The kitchen tiles were hot under her bare feet.
She opened a cupboard, dragging out a pan with one hand as she cradled the baby with the other.
With one hand she diced the plantain, poured oil in a pan and lit the stove.
She let the oil heat up and then began to drop the plantain slices into the pan.
If she hadn’t been sleep-deprived, she would have anticipated what happened next—the hot oil spitting from the pan, the scalding glob flying through the air and landing on Eniiyi’s thigh, the subsequent heart-wrenching cry.
For a moment, time stilled. Then she shook herself and rushed to the sink, turning on the tap and holding Eniiyi’s leg under the flow of cold water.
She stared at the layers of skin peeling off to reveal raw flesh underneath.

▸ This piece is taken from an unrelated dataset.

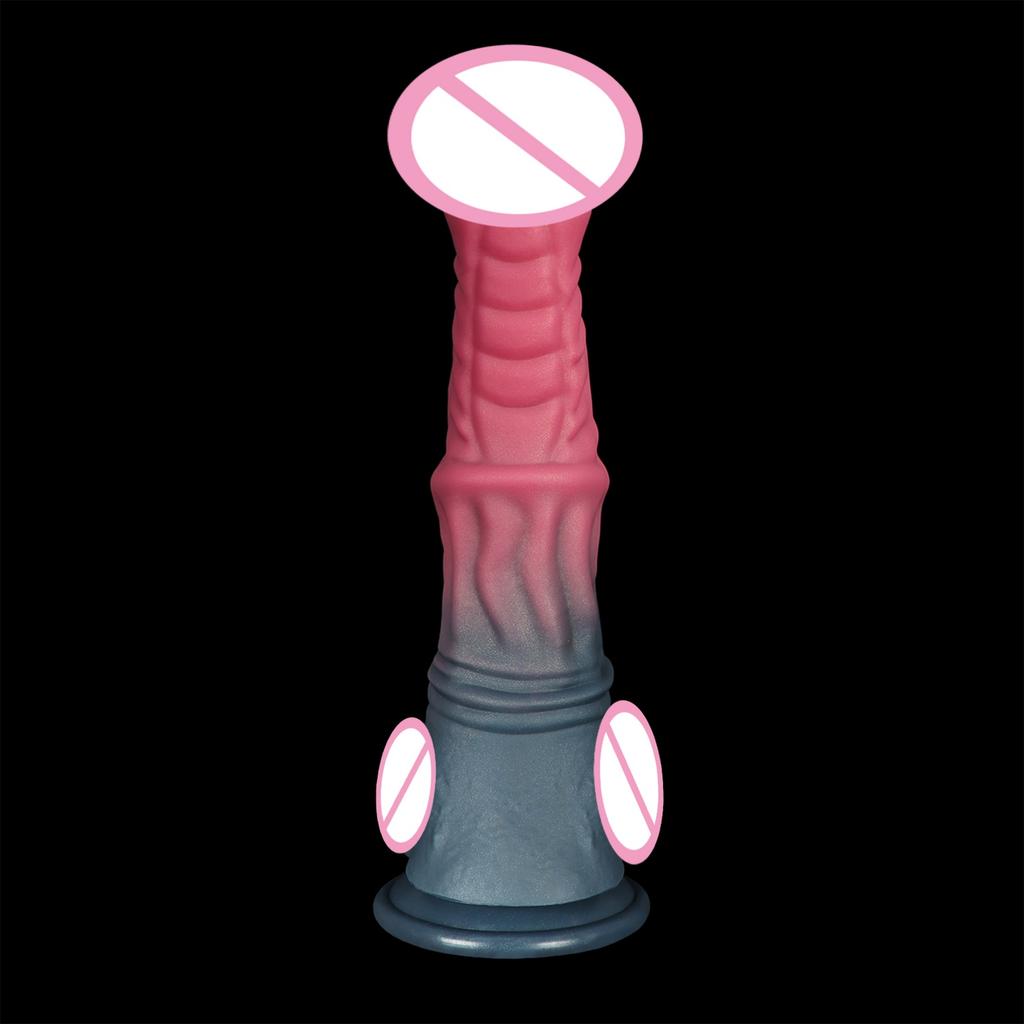 Horse Dildo Adult Sex Toys Strapon Dildo Silicone Penis Big Dick for Women Gay 18+ Vagina Prostate Massage Monster Dildo Waterproof & Easy To Clean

Was she doing the wrong thing? If anything, her baby’s cries had increased.
“Kí ló dé?” Kemi appeared, back from a date, and Eniiyi was scooped out of her arms. “Bring Vaseline, and a bandage from that kit in my room.”
Ebun followed her mother’s instructions. When she had gotten the items, she found Kemi and Eniiyi in the living room.
“Oya, breastfeed her.”
She hesitated. Was the newborn even safe with her?
But she wasn’t given a chance to protest; the baby was already in her arms. Eniiyi latched on greedily, as though her mother’s nipple was a pain-reliever; and Kemi was free to attend to the leg.
Ebun watched as her mother crouched and began to paste Vaseline on Eniiyi’s thigh, so it was hard to miss when she stilled, with a finger resting on the burn mark.
“What’s the matter?” Ebun asked as Kemi scanned the wound, a sense of dread creeping onto her shoulders like a cat, digging its claws into her skin. “What is it?”
“This burn, the shape of it…”
The shape…pampas grass. She gritted her teeth. She had seen the shape before. She had seen it so many times before. Monife had harboured no shame when it came to being naked. Ebun had seen her cousin’s body far more than she desired. She let out small breaths through her teeth.
“It looks like—”
“Mo’s was bigger,” she pointed out, but the words sounded far away. She cleared her throat.
“Still, you have to admit—”
“Mum. The scars are different.” And that was that. She would not entertain anything more on the subject.